**Provided records:**
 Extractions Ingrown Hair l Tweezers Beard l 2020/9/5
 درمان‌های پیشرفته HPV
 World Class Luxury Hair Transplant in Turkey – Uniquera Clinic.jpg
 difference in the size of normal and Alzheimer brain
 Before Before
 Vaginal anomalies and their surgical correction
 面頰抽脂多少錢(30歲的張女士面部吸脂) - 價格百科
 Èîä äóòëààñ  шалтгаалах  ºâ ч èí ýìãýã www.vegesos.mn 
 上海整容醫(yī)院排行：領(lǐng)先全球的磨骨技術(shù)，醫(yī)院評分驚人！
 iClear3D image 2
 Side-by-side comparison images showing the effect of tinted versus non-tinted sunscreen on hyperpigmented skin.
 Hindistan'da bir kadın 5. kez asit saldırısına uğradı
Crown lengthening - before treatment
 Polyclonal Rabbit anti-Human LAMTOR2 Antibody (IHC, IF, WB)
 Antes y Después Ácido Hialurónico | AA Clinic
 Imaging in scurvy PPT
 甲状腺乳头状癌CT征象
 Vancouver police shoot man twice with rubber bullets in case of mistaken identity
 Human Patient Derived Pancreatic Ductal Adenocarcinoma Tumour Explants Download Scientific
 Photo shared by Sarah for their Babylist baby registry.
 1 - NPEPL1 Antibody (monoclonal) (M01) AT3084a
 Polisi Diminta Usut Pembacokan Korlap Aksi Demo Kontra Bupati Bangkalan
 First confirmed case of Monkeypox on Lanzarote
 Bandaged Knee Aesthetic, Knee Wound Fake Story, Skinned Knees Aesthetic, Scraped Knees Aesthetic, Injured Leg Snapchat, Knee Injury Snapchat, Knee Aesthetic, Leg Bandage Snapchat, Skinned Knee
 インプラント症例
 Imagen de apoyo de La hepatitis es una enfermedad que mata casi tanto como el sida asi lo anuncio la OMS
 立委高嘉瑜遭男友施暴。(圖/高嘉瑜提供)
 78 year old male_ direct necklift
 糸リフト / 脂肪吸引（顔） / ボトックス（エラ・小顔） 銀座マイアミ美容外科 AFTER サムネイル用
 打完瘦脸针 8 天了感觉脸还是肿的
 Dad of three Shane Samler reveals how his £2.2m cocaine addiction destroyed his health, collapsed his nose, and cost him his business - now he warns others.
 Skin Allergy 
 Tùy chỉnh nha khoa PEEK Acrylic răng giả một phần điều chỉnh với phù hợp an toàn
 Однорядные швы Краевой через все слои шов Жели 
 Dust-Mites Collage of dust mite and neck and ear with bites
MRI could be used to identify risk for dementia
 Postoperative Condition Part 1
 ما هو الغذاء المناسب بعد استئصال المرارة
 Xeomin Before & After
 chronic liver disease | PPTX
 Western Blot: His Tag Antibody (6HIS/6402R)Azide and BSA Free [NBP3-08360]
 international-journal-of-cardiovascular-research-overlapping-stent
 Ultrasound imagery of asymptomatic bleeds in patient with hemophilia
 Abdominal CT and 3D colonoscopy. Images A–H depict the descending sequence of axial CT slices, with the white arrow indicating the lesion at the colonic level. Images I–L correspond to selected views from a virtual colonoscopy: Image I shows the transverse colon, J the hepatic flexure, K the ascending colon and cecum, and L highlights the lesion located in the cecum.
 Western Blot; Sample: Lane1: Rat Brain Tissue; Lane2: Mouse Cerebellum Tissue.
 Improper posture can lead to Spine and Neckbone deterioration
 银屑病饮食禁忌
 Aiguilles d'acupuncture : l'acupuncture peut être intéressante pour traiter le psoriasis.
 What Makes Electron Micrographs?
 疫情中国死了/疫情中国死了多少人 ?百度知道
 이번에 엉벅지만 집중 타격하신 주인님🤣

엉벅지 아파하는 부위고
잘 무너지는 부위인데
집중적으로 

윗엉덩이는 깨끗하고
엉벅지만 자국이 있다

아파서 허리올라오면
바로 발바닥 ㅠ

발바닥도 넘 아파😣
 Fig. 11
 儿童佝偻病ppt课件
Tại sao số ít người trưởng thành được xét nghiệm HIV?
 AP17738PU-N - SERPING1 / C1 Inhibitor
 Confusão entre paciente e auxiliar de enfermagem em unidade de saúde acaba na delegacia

**Problem requirements:** Give back each record exactly, from the first line through the last.

**Response area:**
 Extractions Ingrown Hair l Tweezers Beard l 2020/9/5
 درمان‌های پیشرفته HPV
 World Class Luxury Hair Transplant in Turkey – Uniquera Clinic.jpg
 difference in the size of normal and Alzheimer brain
 Before Before
 Vaginal anomalies and their surgical correction
 面頰抽脂多少錢(30歲的張女士面部吸脂) - 價格百科
 Èîä äóòëààñ  шалтгаалах  ºâ ч èí ýìãýã www.vegesos.mn 
 上海整容醫(yī)院排行：領(lǐng)先全球的磨骨技術(shù)，醫(yī)院評分驚人！
 iClear3D image 2
 Side-by-side comparison images showing the effect of tinted versus non-tinted sunscreen on hyperpigmented skin.
 Hindistan'da bir kadın 5. kez asit saldırısına uğradı
Crown lengthening - before treatment
 Polyclonal Rabbit anti-Human LAMTOR2 Antibody (IHC, IF, WB)
 Antes y Después Ácido Hialurónico | AA Clinic
 Imaging in scurvy PPT
 甲状腺乳头状癌CT征象
 Vancouver police shoot man twice with rubber bullets in case of mistaken identity
 Human Patient Derived Pancreatic Ductal Adenocarcinoma Tumour Explants Download Scientific
 Photo shared by Sarah for their Babylist baby registry.
 1 - NPEPL1 Antibody (monoclonal) (M01) AT3084a
 Polisi Diminta Usut Pembacokan Korlap Aksi Demo Kontra Bupati Bangkalan
 First confirmed case of Monkeypox on Lanzarote
 Bandaged Knee Aesthetic, Knee Wound Fake Story, Skinned Knees Aesthetic, Scraped Knees Aesthetic, Injured Leg Snapchat, Knee Injury Snapchat, Knee Aesthetic, Leg Bandage Snapchat, Skinned Knee
 インプラント症例
 Imagen de apoyo de La hepatitis es una enfermedad que mata casi tanto como el sida asi lo anuncio la OMS
 立委高嘉瑜遭男友施暴。(圖/高嘉瑜提供)
 78 year old male_ direct necklift
 糸リフト / 脂肪吸引（顔） / ボトックス（エラ・小顔） 銀座マイアミ美容外科 AFTER サムネイル用
 打完瘦脸针 8 天了感觉脸还是肿的
 Dad of three Shane Samler reveals how his £2.2m cocaine addiction destroyed his health, collapsed his nose, and cost him his business - now he warns others.
 Skin Allergy 
 Tùy chỉnh nha khoa PEEK Acrylic răng giả một phần điều chỉnh với phù hợp an toàn
 Однорядные швы Краевой через все слои шов Жели 
 Dust-Mites Collage of dust mite and neck and ear with bites
MRI could be used to identify risk for dementia
 Postoperative Condition Part 1
 ما هو الغذاء المناسب بعد استئصال المرارة
 Xeomin Before & After
 chronic liver disease | PPTX
 Western Blot: His Tag Antibody (6HIS/6402R)Azide and BSA Free [NBP3-08360]
 international-journal-of-cardiovascular-research-overlapping-stent
 Ultrasound imagery of asymptomatic bleeds in patient with hemophilia
 Abdominal CT and 3D colonoscopy. Images A–H depict the descending sequence of axial CT slices, with the white arrow indicating the lesion at the colonic level. Images I–L correspond to selected views from a virtual colonoscopy: Image I shows the transverse colon, J the hepatic flexure, K the ascending colon and cecum, and L highlights the lesion located in the cecum.
 Western Blot; Sample: Lane1: Rat Brain Tissue; Lane2: Mouse Cerebellum Tissue.
 Improper posture can lead to Spine and Neckbone deterioration
 银屑病饮食禁忌
 Aiguilles d'acupuncture : l'acupuncture peut être intéressante pour traiter le psoriasis.
 What Makes Electron Micrographs?
 疫情中国死了/疫情中国死了多少人 ?百度知道
 이번에 엉벅지만 집중 타격하신 주인님🤣

엉벅지 아파하는 부위고
잘 무너지는 부위인데
집중적으로 

윗엉덩이는 깨끗하고
엉벅지만 자국이 있다

아파서 허리올라오면
바로 발바닥 ㅠ

발바닥도 넘 아파😣
 Fig. 11
 儿童佝偻病ppt课件
Tại sao số ít người trưởng thành được xét nghiệm HIV?
 AP17738PU-N - SERPING1 / C1 Inhibitor
 Confusão entre paciente e auxiliar de enfermagem em unidade de saúde acaba na delegacia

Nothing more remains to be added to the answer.